The 34-year-old submarine had gone through a refit and was “in perfect condition,” Macri told reporters at the Argentine navy headquarters.
“My commitment is with the truth,” he said, adding the tragedy “will require a serious, in-depth investigation that will yield certainty about what has happened.”
Argentina’s navy has been fiercely criticized for its handling of the operation since first reporting the submarine overdue at its Mar del Plata base on November 16.
The navy took several days to say that the San Juan had reported a problem with its batteries in its final communication on November 15.
Only on Thursday did the navy confirm there had been an explosion on board, which experts said was likely linked to the battery problem.
“Until we have the complete information, we do not have to look for the guilty, to look for those responsible. First we have to have certainty of what happened and why it happened,” said Macri.
The center-right leader spoke as the search for the San Juan shifted from rescue to recovery on Friday, after navy officials lost hope of finding alive any of the crew, which included the country’s first female submarine officer.
“We have to find the submarine at the bottom of the sea, the area is large, the environment hostile, and the search very difficult,” said Argentine navy spokesman Enrique Balbi.
Magistrate Marta Yanez has already begun preliminary investigations into the disaster.
She told reporters that unlike a plane, “the submarine does not have a black box. The black box is the submarine,” and it would have to be recovered before the causes of the explosion could be known.
Officially the navy has not declared the loss of the crew, but marine experts believe an explosion would have been catastrophic.
Brenda Salva, a friend of crewmember Damian Tagliapietra, said she had been told by the commander of the Mar del Plata naval base: “They are all dead.”
The navy said one sailor escaped the tragedy because he disembarked the submarine at Ushuaia for another mission—and was replaced by someone else.
A second sailor, aged 26, had been ready to join the ill-fated sub but was exempted because he was finalizing the purchase of a house, the Clarin newspaper reported.
For the relatives of the crew, grief turned to anger by Friday.
“I want to tell Admiral Marcelo Srur that he is not in a position to be in charge of a force, and to the president [Mauricio Macri], to bring order,” said Maria Rosa Belcastro, mother of 38-year-old Lieutenant Fernando Villarreal.
Relatives have focused their anger on the condition of the three-decade-old sub, which had undergone a seven-year refit to extend its service, and the navy’s guardedness since the start of the search operation.
In his comments at the navy headquarters, Macri paid tribute to the “patriotism, heroism and bravery” of the San Juan’s crew.
“For all of them and their families, my greatest affection,” he said.
To the relatives of the missing submariners he said: “The pain is great but we are together, and we are going to travel this road all the way together.”

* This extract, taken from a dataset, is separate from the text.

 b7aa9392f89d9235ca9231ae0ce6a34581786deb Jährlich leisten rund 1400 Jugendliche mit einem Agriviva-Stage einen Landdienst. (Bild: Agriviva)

Argentine press reports on Friday said Macri’s center-right government was preparing to sack navy chief Srur in a purge of top brass in a country where the military is distrusted.
Memories are still fresh in Argentina of the 1976-83 military dictatorship responsible for the disappearance of an estimated 30,000 people.
The San Juan tragedy comes a month after Macri’s government was accused of a cover-up in the killing of activist Santiago Maldonado after he was arrested by security forces during an indigenous rights protest.
“The government is considering changing the leadership of the navy. They believe there was negligence in the disappearance of the ARA San Juan and criticize the handling of the situation,” the influential Clarin daily said.